Previous rulings in Smith v. Reverse Mortgage Solutions, Inc. and Edwards v. Reverse Mortgage Solutions, Inc. had found that the surviving spouses of reverse mortgage borrowers also qualified as borrowers and thus would have the right to remain in the home after the death of the borrowing spouse. While Luisa Palmero won an initial victory in the case, Florida’s Third District Court of Appeal reversed that decision in favor of OneWest Bank, who had inherited the loan from Value Financial.
“To the extent there was any confusion or inconsistency in the mortgage, it was cleared up by the note, loan application, loan agreement, and non-borrower spouse certification, which unequivocally provided that Mrs. Palmero was not the borrower for the reverse mortgage and defined Mr. Palmero as the borrower,” the court wrote in the decision.
James W. Wright, Jr., Partner, Bradley Arant Boult Cummings, said, “Palmero demonstrates that a lender may demonstrate that the surviving spouse is not a 'borrower' under the mortgage by introducing the other documents executed at the time the loan is originated—most significantly, the non-borrower spouse ownership interest certification, in which the non-borrowing spouse expressly recognized the fact that the borrower’s death would allow the lender to accelerate the loan and proceed to foreclosure."
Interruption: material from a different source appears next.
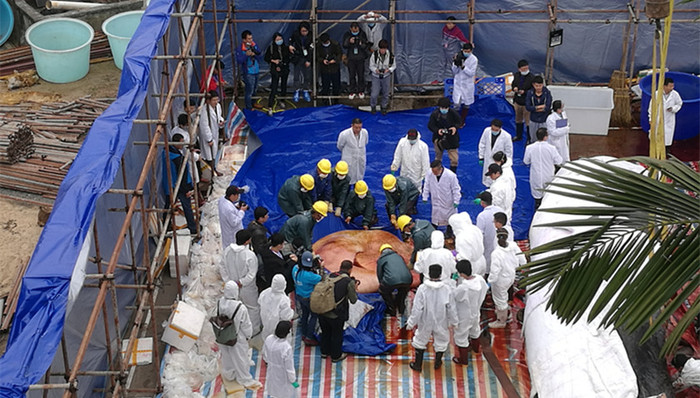 抹香鲸,搁浅,解剖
“It appears that the Third DCA ruled correctly, under the facts of the case,” said Michelle Garcia Gilbert, Managing Partner, Gilbert Garcia Group, P.A., “but it interesting that the loan documents in question required the surviving spouse to acknowledge that the property would be sold ‘unless another means of repayment [was] obtained.’ Given the new CFPB rules, effective April 19, 2018, requiring a confirmed successor-in-interest to be treated like a borrower, I wonder if this situation would turned out differently today, if the non-borrowing, surviving spouse were able to assume or refinance the loan, depending upon the type of reverse mortgage this was. Also, HUD may be reviewing these types of cases to see if changes to reverse mortgage products should be made.”
“The court actually dodges the most-significant issue—whether the federal reverse mortgage statute prohibits foreclosing a reverse mortgage on a surviving spouse still living in the mortgaged residence,” said Anthony Smith, Shareholder, Sirote & Permutt, PC. “Instead, it concluded that because the defendant did not properly raise the issue, the trial court could not rely upon the statute as the basis of its decision.”
“The appellate court’s decision is correct,” said Sonia H. McDowell, Associate Attorney at Quintairos, Prieto, Wood & Boyer, P.A. “The Palmeros received loan disbursements for over a year. Pursuant to the terms of the agreement, Mrs. Palmero agreed to move from the residence upon her husband’s passing, unless she found alternative means of repayment. Mr. Palmero passed in August of 2008 and based on the lower court case number, the foreclosure action was filed at some point in 2010. Mrs. Palmero continued to enjoy free use of property for the past 10 years, in spite of her agreement to the contrary. This opinion highlights the fact that neither the trial court, nor the appellate court, can rewrite the parties’ contract. Both parties agreed that Mrs. Palmero was a ‘non-borrower’ responsible for either repaying the debt or vacating the property upon her husband death. Having done neither, the bank’s foreclosure was proper.”